Task requirements => From the line containing "লেবানন থেকে দেশে ফিরলেন আরও ১০৫ জন" through the last line of the material, copy every line exactly, both ends inclusive; do not copy pictures.

Start of Available data

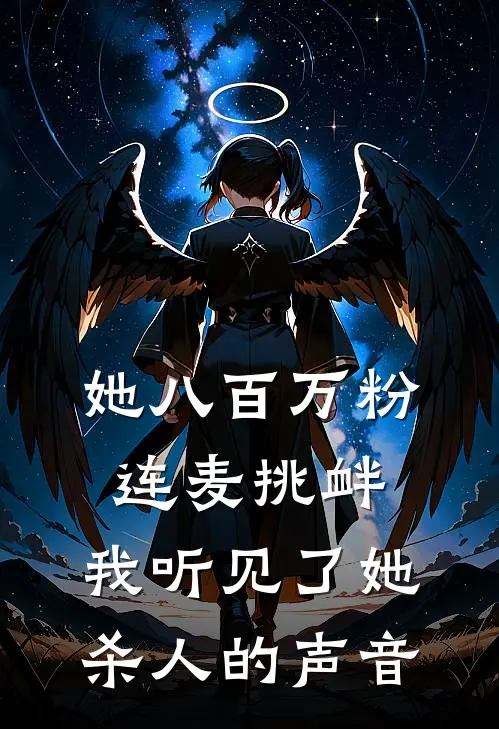 她八百万粉连麦挑衅，我听见了她杀人的声音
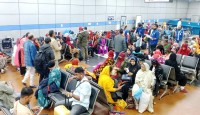 লেবানন থেকে দেশে ফিরলেন আরও ১০৫ জন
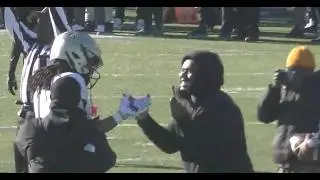 Varina H.S. vs Huguenot Falcons (November 29th, 2025) VHSL Region 4B Football Championships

End of Available data

Solution =>
 লেবানন থেকে দেশে ফিরলেন আরও ১০৫ জন
 Varina H.S. vs Huguenot Falcons (November 29th, 2025) VHSL Region 4B Football Championships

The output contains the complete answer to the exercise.